Image by Chuckumentary via Flickr

[Purchase CD]

The new Negativland album is quite different than all their other albums — if absolutely forced to pick a comparison, it might be something like Dispepsi jammed through Points. If you’ve heard those albums, you can imagine that’s an odd combination, and yet, the two seem to be just about equally good reference points.

Part of the differentness of this album comes from the fact that it’s more-or-less a Mark Hosler solo record with most of the other members of Negativland making a few appearances — hence the “Negativland Presents” on the cover and spine. Different it may be, but it’s not a departure; it’s still very much a Negativland record. The elements of found sound and collage are there, but in the context of songs.

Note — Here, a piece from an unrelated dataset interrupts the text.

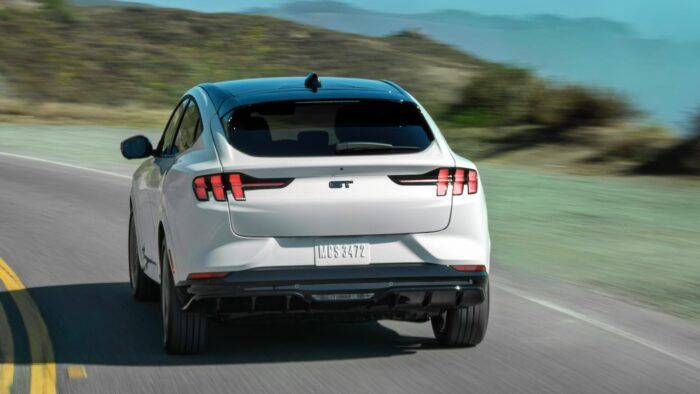 Ford Mustang Mach E GT California Special 2025 4 700x394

Dispepsi is a pretty good reference for the songs; the sounds, however, as well as the lyrics and artwork have a very definite homemade quality and feel like Points — like the at-home recordings on that album, there’s a personal quality to the material on Thigmotactic, even though the lyrics are mostly taken from cut-ups, dream journals and articles — though one of the songs, “Virginia’s Trip”, is from a poem Mark’s grandmother wrote.

Some of the songs even have an alt-country feel; particularly “Extra Sharp Pencils” and “Rancho Pancho”; the latter is taken from “stolen lyrics from a 1940’s cowpoke song”, modified to be about a gay relationship, though not in a funny way — the lyrics are genuinely moving. “I sigh and cry for my lothario, he’s such a gay caballero. As we rode together I longed to speak. My heart was strong, but my Spanish was weak, so we just listened to toads in the creek.”

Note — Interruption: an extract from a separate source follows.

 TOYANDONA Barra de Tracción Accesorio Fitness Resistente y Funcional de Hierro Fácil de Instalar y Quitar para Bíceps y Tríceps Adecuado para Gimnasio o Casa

The lyrics have great imagery; some of them remind me of Rennie Sparks’ Handsome Family lyrics — the ones of the ilk of “Stalled” or “Tesla’s Hotel Room”, where it’s just a little slice of existence. As for the sources, I’m not sure how much were written as lyrics by Mark and how much were taken from other sources — but between the two, it’s clear that Mark’s got a great ear for what makes an outstanding song. And the decision in the lyric booklet to transcribe all the samples and put them in the lyric sheet as normal lyrics gives a cool feel to reading the lyrics (though, the liners would be an essential part of the package anyway — each song is illustrated by a visual collage by Mark as well; many of which I got to see in person at the Negativlandland touring show). Thigmotactic illustrates that Negativland aren’t just handy with splicing tape; though they don’t choose to show it off a lot, they’ve got a real skill with song structure as well. Even though, on paper, Thigmotactic sounds like it might be a fans-only side project, it actually turned out to be an essential Negativland release.